Keenie motions to a crowd of kids cheering by a sitting Santa Claus. One kid wears a 'CRAFT MINE' shirt, while another eats a booger.

"Why...look at those sweet, disease-ridden vermin." Lyle said with awe. "Th-Their joy comes from innocence, unspoiled by the burdens of adulthood...and their middle-class existence! Such simple joy they have. It is inspiring. Thank you for showing me this."

"Hey, dipshit!" The voice of Blitzo called out.

Pans over to Blitzo and Millie dressed as elves, while a grumpy Moxxie wears a Rudolph costume and Antauri wears a yeti costume.

"Wanna see whose lap you're sittin' on?" Blitzo asks with a smirk. "Antauri, fetch!"

Antauri smirks as he grabs Santa's beard and rips off the costume. 'Santa' is revealed to be an ugly, sweaty gnome wearing a '#Cuties' shirt and underwear, making a gnome noise. The kids scream and run in terror. Lyle sobs like a baby as Collin and Keenie cover his eyes. A concerned Cletus pushes the bed away.

"Santa's EVIL!"


Scene cuts to Lyle in bed in the woods next to a crude wooden sign reading 'LOVERS' LOOKOUT', a cartoon heart replacing the O in 'LOVERS'. A small note underneath it, possibly written after the fact, reads 'I guess...'

"Egh! This places reeks of TEENAGERS!" Lyle complains in annoyance.

"Lovers' Lookout, sir!" Cletus points out. "We're here to remind you about possibly life's greatest joy of all!"

"Money!" Lyle states as he holds up creepy, trembling grabby hands.

"No! Love." Collin remarked.

"I've never been in love before." Lyle states. "I imagine it's quite nice!"

"It's not too late, sir!" Collin told him. "You can still find-"

The Imps arrive wearing wigs and dresses while Antauri is dressed a biker gang.

"HA! Nice try ugly." Blitzo said with a smirk.

"This is embarrassing." Antauri said somberly.

"Aw come on, Antauri, you look handsome." Millie told the white hellhound as he sigh.

Blitzo pulls out a megaphone.

"Hey, horny lovers!" Blitzo called them. "Which one of you would FUCK this old man?!"

All the cars speed away in an instant. Lyle deflates, dejected.

"You know, you four are so utterly c-c-cruel!" Collin said, gets into Blitzo's face. "We're just trying to redeem someone and give hope to someone in need!"

"Oh...and you three are so superior to us just because WE want some selfish, greedy, authoritarian capitalist to keel over DEAD!" Moxxie retorted as he through his hands out for emphasis.
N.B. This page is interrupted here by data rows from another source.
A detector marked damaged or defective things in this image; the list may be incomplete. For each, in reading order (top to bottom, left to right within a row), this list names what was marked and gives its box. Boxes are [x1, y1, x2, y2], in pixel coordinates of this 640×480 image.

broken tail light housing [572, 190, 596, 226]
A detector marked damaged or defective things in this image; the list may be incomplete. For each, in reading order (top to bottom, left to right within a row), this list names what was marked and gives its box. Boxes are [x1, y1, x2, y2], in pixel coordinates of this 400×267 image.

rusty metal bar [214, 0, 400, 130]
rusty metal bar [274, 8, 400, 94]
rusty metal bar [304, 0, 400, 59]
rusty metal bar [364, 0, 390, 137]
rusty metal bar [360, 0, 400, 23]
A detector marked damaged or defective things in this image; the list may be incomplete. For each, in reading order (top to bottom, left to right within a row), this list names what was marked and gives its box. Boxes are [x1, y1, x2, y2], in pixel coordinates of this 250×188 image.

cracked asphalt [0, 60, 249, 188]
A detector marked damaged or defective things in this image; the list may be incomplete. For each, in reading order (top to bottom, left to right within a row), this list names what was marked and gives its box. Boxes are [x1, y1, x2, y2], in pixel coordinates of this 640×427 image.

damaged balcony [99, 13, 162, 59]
"You're makin' things too real now, Moxxie!" Blitzo told him.

Blitzo walks up to Moxxie with a spray bottle labeled 'PISS', adjusts the nozzle, then sprays into Moxxie's face, causing him to flinch and hiss.


Cuts to the inside of an auditorium. A woman dressed as a Viking sings opera on stage while wearing a fake unicorn on her lower torso. A well-dressed man plays a grand piano behind her. The cherubs and the audience are also well-dressed, though Lyle only wears a bowtie over his simple, sweat-stained hospital gown.
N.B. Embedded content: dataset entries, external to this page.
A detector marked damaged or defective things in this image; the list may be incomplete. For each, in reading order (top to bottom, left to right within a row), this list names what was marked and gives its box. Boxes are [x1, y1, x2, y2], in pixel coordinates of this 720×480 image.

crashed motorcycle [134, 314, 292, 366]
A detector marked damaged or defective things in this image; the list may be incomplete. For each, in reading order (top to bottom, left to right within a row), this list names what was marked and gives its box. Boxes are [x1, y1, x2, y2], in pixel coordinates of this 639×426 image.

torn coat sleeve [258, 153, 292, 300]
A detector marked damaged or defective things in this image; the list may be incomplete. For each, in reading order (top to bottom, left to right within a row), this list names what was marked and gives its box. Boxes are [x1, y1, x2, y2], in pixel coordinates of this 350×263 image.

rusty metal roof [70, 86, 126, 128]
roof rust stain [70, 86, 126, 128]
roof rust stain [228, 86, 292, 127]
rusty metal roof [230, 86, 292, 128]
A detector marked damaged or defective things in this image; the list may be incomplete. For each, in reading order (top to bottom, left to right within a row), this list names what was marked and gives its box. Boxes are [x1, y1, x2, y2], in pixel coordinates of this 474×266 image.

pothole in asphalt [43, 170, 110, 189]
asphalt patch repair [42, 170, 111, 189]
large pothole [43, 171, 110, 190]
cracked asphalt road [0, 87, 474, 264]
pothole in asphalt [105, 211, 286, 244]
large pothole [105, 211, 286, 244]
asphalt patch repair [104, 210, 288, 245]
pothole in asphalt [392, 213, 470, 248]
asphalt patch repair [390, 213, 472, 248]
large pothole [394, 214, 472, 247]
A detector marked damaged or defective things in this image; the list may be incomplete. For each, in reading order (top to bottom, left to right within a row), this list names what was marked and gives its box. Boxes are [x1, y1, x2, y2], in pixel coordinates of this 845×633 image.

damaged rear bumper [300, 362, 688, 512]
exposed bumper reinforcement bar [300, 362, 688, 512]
"Behold! The wonder of art and music!" Cletus said. "Somethin' always there to comfort...entertain...and live for!"

Up above the stage, the three Imps and Antauri, who's back in his hellhound form, look down from a catwalk near the ceiling. Blitzo wags his butt and tail like a cat.
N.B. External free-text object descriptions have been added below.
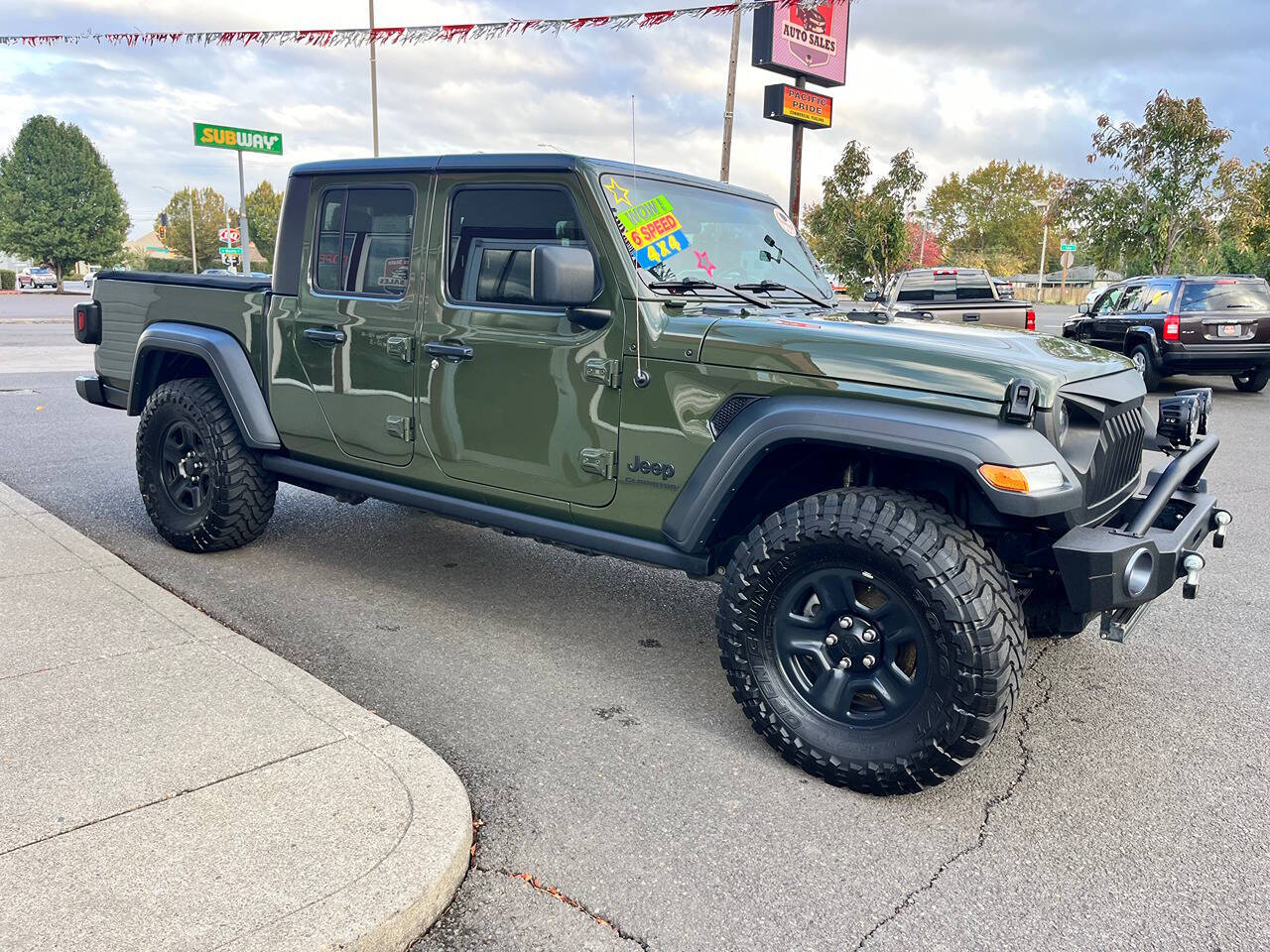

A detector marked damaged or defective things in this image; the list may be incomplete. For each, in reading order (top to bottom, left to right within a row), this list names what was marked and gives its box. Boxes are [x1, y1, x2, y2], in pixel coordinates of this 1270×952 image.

crack in asphalt [464, 822, 655, 952]
crack in asphalt [853, 645, 1062, 949]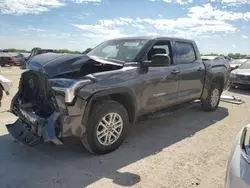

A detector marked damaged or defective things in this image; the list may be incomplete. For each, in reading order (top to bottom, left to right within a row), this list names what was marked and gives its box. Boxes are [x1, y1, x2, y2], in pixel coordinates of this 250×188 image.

crumpled hood [26, 52, 123, 78]
broken headlight [49, 78, 92, 103]
damaged front end [5, 70, 90, 145]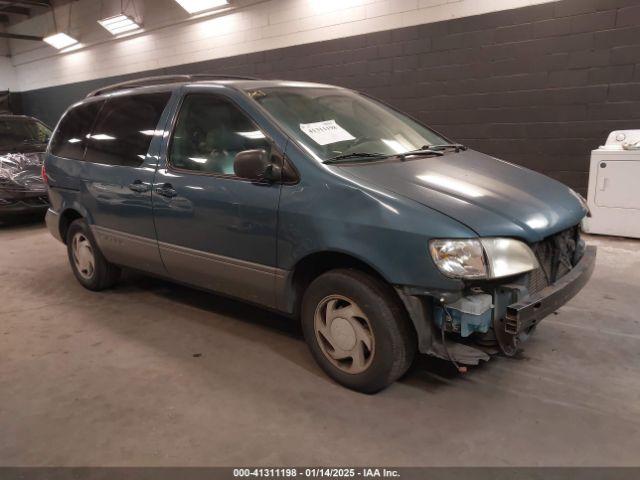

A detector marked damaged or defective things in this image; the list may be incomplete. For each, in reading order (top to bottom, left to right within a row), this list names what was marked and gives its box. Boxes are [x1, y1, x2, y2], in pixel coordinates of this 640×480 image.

exposed headlight assembly [430, 238, 540, 280]
damaged front bumper [398, 246, 596, 366]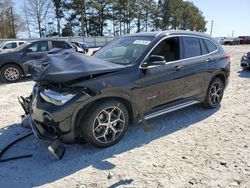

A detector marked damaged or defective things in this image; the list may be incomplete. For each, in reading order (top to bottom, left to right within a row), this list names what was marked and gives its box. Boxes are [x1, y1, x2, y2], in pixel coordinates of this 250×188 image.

crumpled hood [26, 48, 126, 82]
broken headlight [40, 89, 76, 106]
"So...how do we make this bad?" Millie questions.

"We can't." Moxxie answered. "There's literally nothing bad about opera. That's fact."

"That's debatable." Antauri states.

"Unless we ruin it somehow!" Blitzo points out as he shakes his butt in Moxxie's face.

With a mischievous grin, Blitzo grabs the spotlight and moves it away from the singer. The singer pauses and follows the light, resuming her song. Blitzo moves the spotlight again, and the singer again pauses to follow it.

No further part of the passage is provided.